Works in the Herald 1930

In refusing an application to prevent a man keeping crowing rooster, a Queensland judge remarked yesterday: - "One of the laws of attention is that attention directed to a sensation causes an increase in the intensity of the sensation and the plaintiffs' case, we think, affords a striking illustration of this law."

He had crowed each dawn on the shadowed lawn
   Since his chickenhood departed;
From a silvern throat his clarion note
   Came full and merry-hearted.

I paid small heed to the bird, indeed,
   As he called to the dawn-light glowing;
Till a friend one day just chanced to say:
   "Gosh!

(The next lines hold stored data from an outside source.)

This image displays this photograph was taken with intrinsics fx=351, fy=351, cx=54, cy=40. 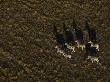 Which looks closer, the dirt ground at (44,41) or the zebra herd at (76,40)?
the dirt ground at (44,41)

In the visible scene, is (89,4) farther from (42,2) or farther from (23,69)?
(23,69)

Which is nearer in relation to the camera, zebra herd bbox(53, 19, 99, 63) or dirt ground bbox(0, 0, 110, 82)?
dirt ground bbox(0, 0, 110, 82)

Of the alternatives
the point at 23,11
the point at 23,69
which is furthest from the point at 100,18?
the point at 23,69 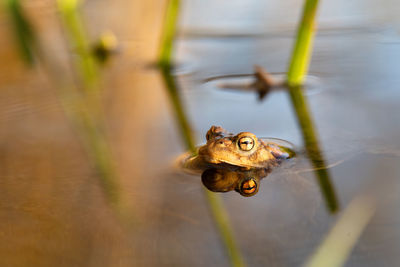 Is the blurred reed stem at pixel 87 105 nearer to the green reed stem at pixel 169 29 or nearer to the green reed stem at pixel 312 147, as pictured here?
the green reed stem at pixel 169 29

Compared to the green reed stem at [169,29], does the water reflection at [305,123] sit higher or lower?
lower

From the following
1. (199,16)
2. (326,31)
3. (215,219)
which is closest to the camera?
(215,219)

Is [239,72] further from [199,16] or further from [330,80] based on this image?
[199,16]

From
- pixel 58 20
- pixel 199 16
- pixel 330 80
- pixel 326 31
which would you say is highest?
pixel 58 20

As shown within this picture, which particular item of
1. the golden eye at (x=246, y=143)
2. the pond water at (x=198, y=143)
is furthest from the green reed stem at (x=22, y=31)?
the golden eye at (x=246, y=143)

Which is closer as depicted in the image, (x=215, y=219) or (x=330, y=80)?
(x=215, y=219)

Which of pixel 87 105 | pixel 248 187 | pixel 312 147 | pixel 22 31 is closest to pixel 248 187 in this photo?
pixel 248 187

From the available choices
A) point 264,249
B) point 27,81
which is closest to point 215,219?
point 264,249

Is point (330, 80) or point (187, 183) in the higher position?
point (330, 80)

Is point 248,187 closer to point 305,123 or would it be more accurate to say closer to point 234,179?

Hear that vile bird crowing!"

Then the raucous note from his feathered throat
   My ear straightway offended;
And it seemed to me that his minstrelsy
   Was a mad thing never ended.

And from that day, as the morning gray
   Waxed on the skyline jagged,
I cursed anew each time he crew,
   And my nerves went raw and jagged.

Music no more his high notes bore,
   For a nuisance then I knew him;
So I sought his tracks with a murderous axe,
   And savagely I slew him.

With a severed head I saw him dead
   At my feet, with his life-blood flowing.
But lo, next morn, with day new-born,
   I woke to hear him crowing.

And he crew and crew that whole day thro'
   Till the dewy dawn descended;
And all night long, with a mournful song,
   His clarion never ended.

I hear him still, do what I will --
   Then by my fate take warning,
Lest folly may thro' all the day
   Stretch one small ill of morning.